Almost a year ago, I built my first proper automation. It started as a small Google Form fix for messy photo uploads but became a full workflow change. That moment was when I realized what it really means to solve problems with code.
The issue looked simple: photos for auction lots were being dumped into one folder with random names, making it impossible to match them to items. Before that, people even sent photos via WhatsApp, which compressed them and ruined quality.
I wrote a script that sorted photos into folders by lot number automatically. For the first time, everything was where it should be, saving hours of manual sorting. But there was still a problem: filenames needed a strict format like 6_1.jpg
, 6_2.jpg
.
Apps Script could rename files but painfully slowly. So I switched to a local batch script. It renamed hundreds of photos in seconds. Suddenly, uploading was faster and cleaner. The only manual task left was choosing the best cover photo.
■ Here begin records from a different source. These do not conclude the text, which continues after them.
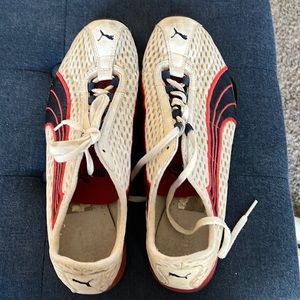 Woman’s Puma Sneakers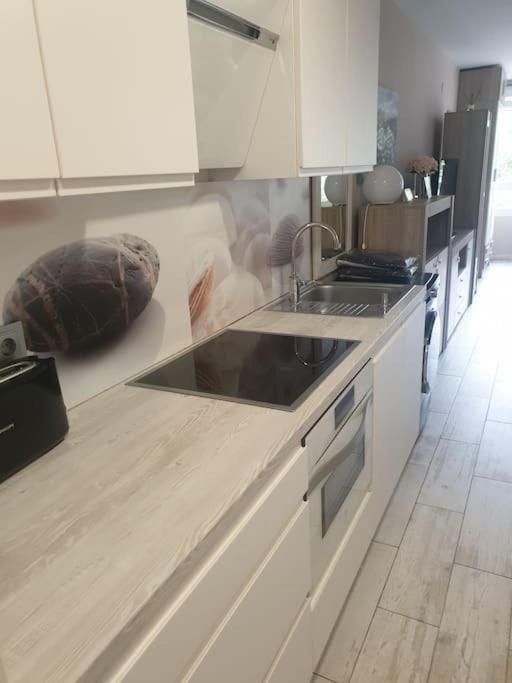 Apartamento Precioso Estudio Con Piscina A 200m Del Mar Marbella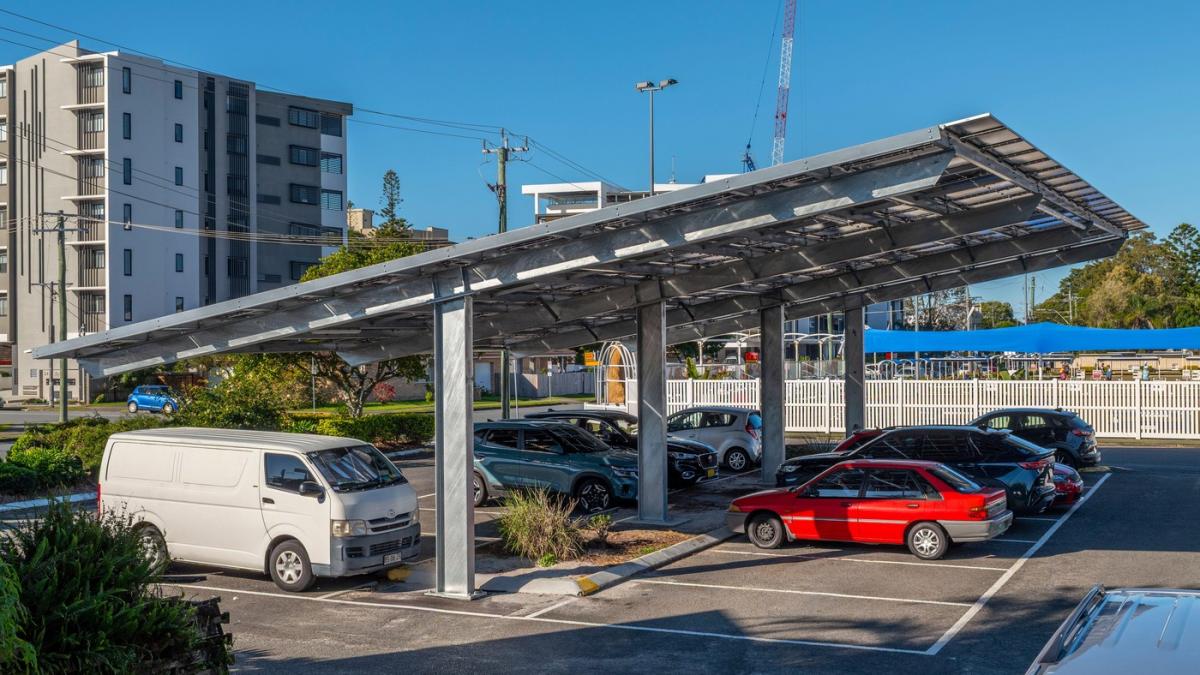 europa vrea sa transforme parcarile in mini ferme solare facturile la electricitate ar putea scadea cu pana la 32 000 de euro pe an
That small script became Version 2 of our photo workflow, saving hours per auction and supporting six-figure sales. It wasn’t fancy code, but it made a real impact.
What I learned was bigger than just automation:
- Sometimes you don’t just improve a process — you have to rebuild it.
- Real-world automation isn’t about big, complex systems. Tiny scripts can save weeks of work.
- People resist change, but with compromise (like asking them to pick just one cover photo), adoption is possible.
That first script was my turning point. It wasn’t just about code; it was about changing how people work.